Task:
All entries are to be quoted exactly; the images stay out of the copy.
○ ○ ○
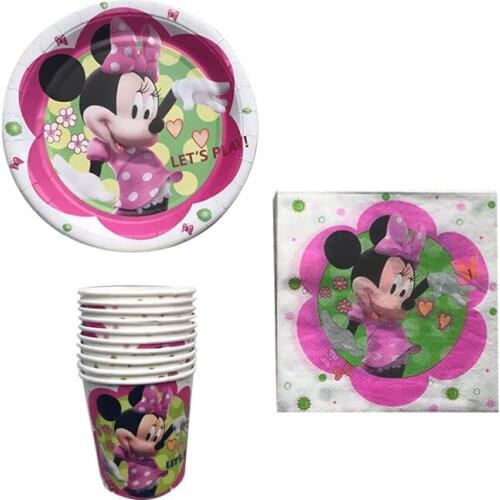 Cartoon Minnie Mouse Cups Plates Napkins Disposable Tableware 40 pcs Supplies Kids Birthday Party Baby Shower Favors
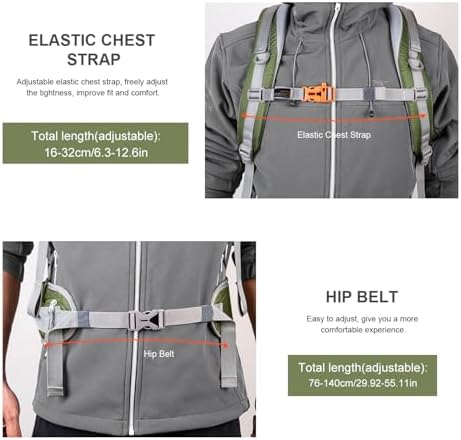 MOUNTAINTOP 40L Hiking Backpacks Trekking Rucksack Light Daypacks for Travel Camping Climbing Mountaineer Outdoor Sport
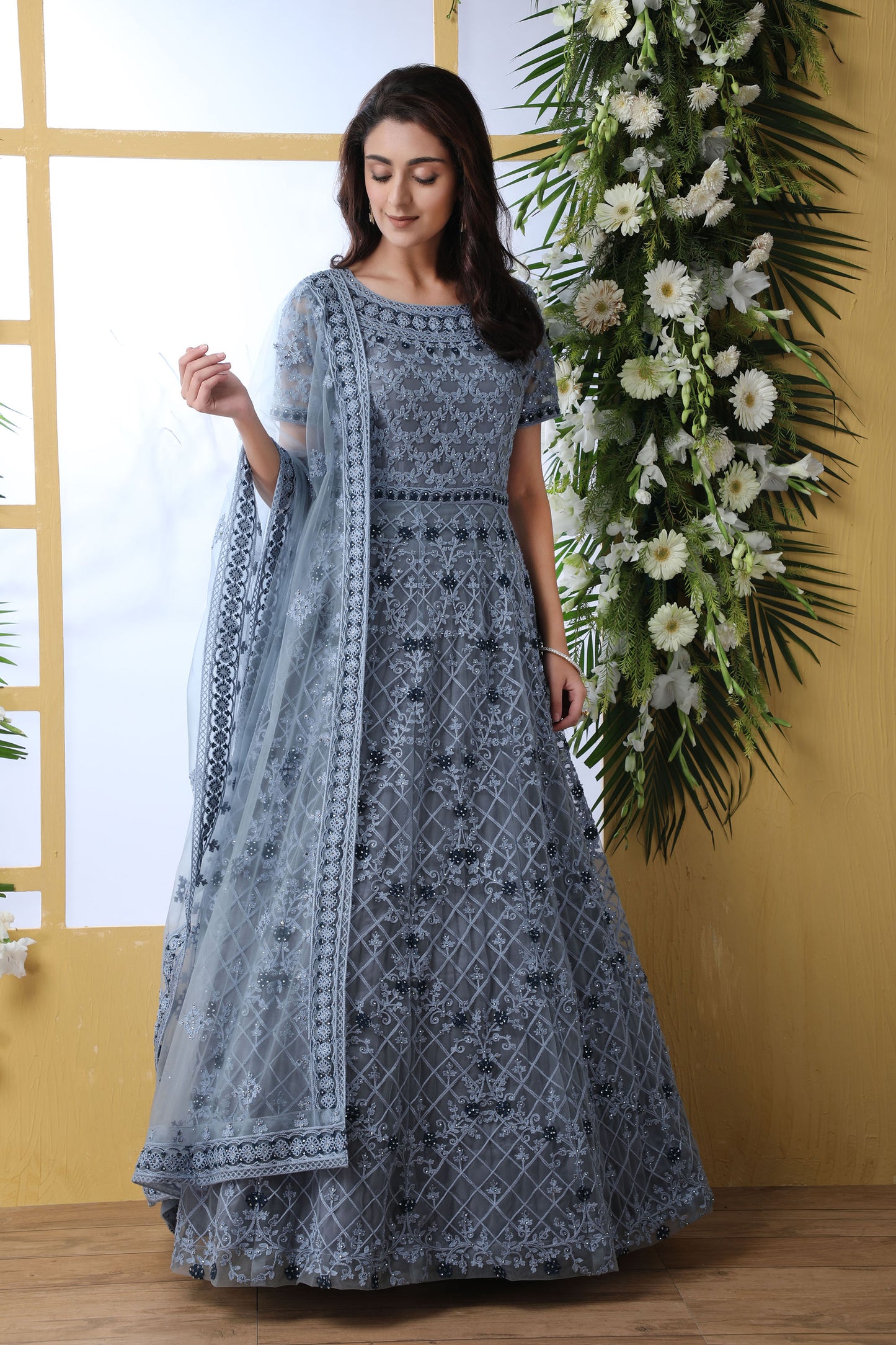 Marvelous Grey Color Net Anarkali for Sangeet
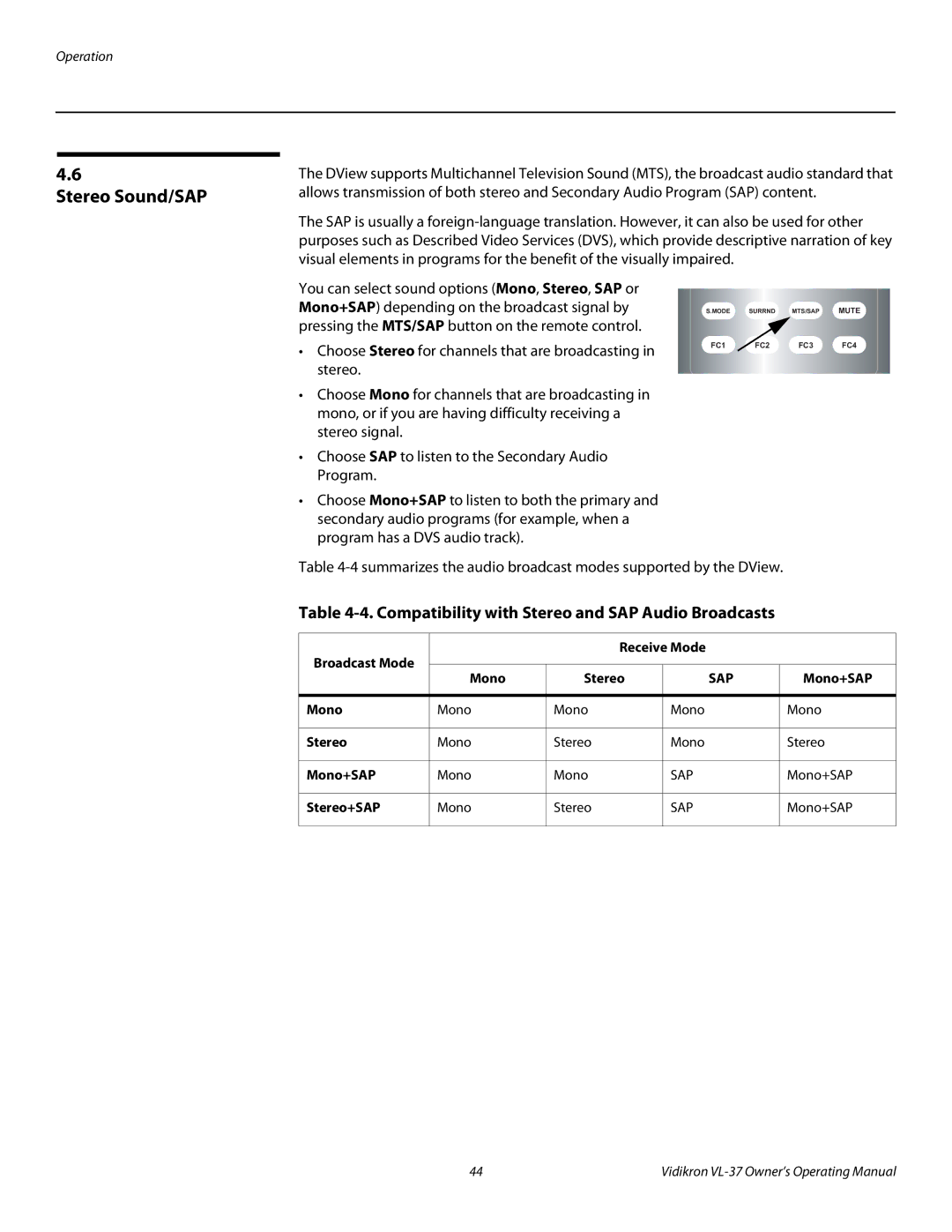 Vidikron VL-37 manual Stereo Sound/SAP, Compatibility with Stereo and SAP Audio Broadcasts, Mono+SAP, Stereo+SAP 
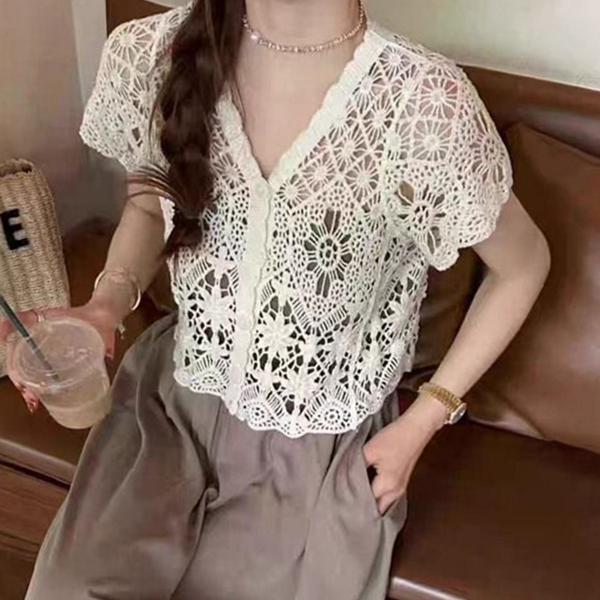브이넥 여성 크로쉐 가디건 시스루 여성 여름 가디건 뜨개 반팔 - 상품 이미지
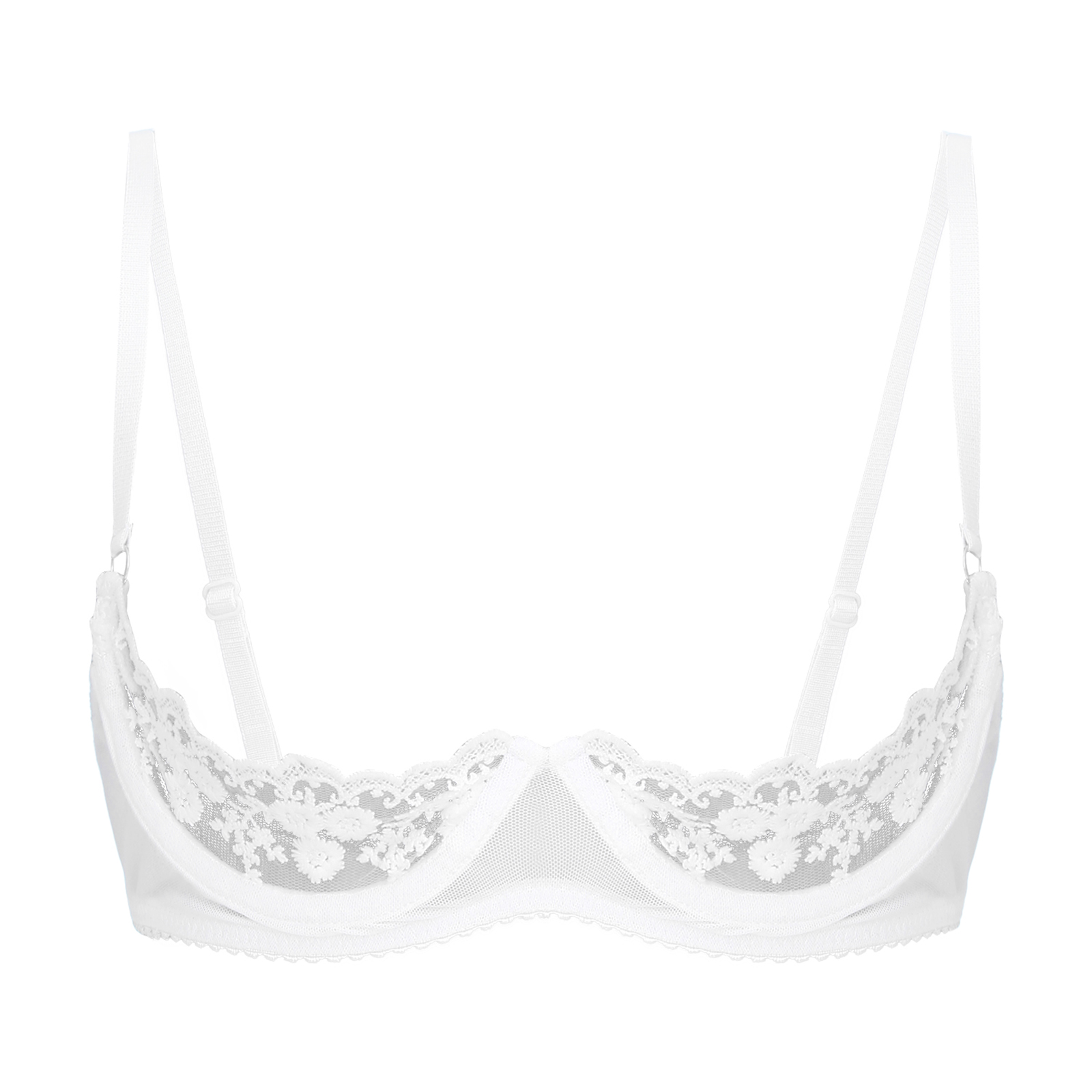 Women's Floral Lace Quarter Cu - مراجعة Bralette Triangle Set وسعره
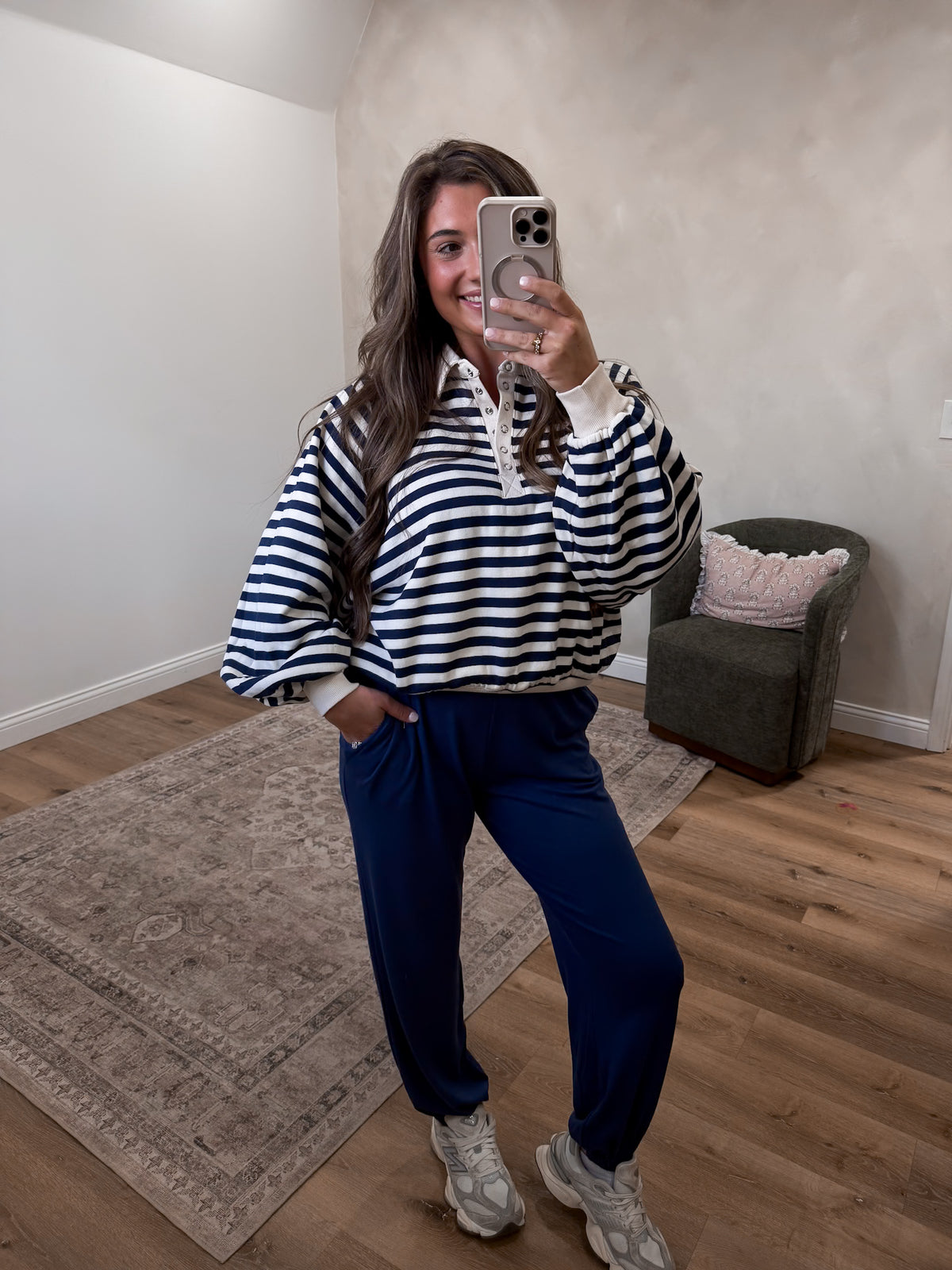 Megan Striped Half Snap Pullover - navy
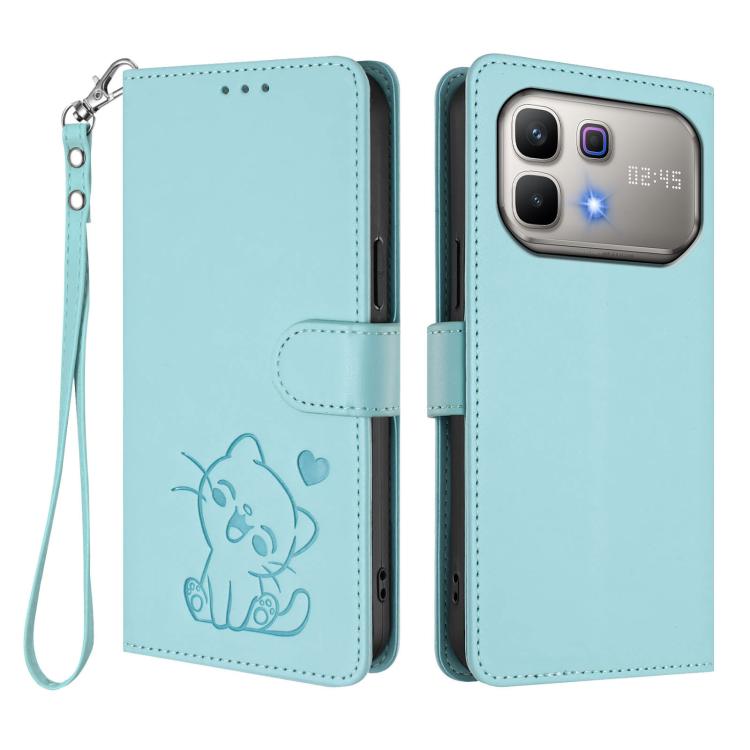 For Infinix Note 60 5G / Note 60 Pro 5G Embossed Heart Cat Leather Phone Case with Hand Strap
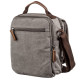 Универсальная текстильная мужская сумка на два отделения Vintage Серая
○ ○ ○
Problem solution:
 Cartoon Minnie Mouse Cups Plates Napkins Disposable Tableware 40 pcs Supplies Kids Birthday Party Baby Shower Favors
 MOUNTAINTOP 40L Hiking Backpacks Trekking Rucksack Light Daypacks for Travel Camping Climbing Mountaineer Outdoor Sport
 Marvelous Grey Color Net Anarkali for Sangeet
 Vidikron VL-37 manual Stereo Sound/SAP, Compatibility with Stereo and SAP Audio Broadcasts, Mono+SAP, Stereo+SAP 
브이넥 여성 크로쉐 가디건 시스루 여성 여름 가디건 뜨개 반팔 - 상품 이미지
 Women's Floral Lace Quarter Cu - مراجعة Bralette Triangle Set وسعره
 Megan Striped Half Snap Pullover - navy
 For Infinix Note 60 5G / Note 60 Pro 5G Embossed Heart Cat Leather Phone Case with Hand Strap
 Универсальная текстильная мужская сумка на два отделения Vintage Серая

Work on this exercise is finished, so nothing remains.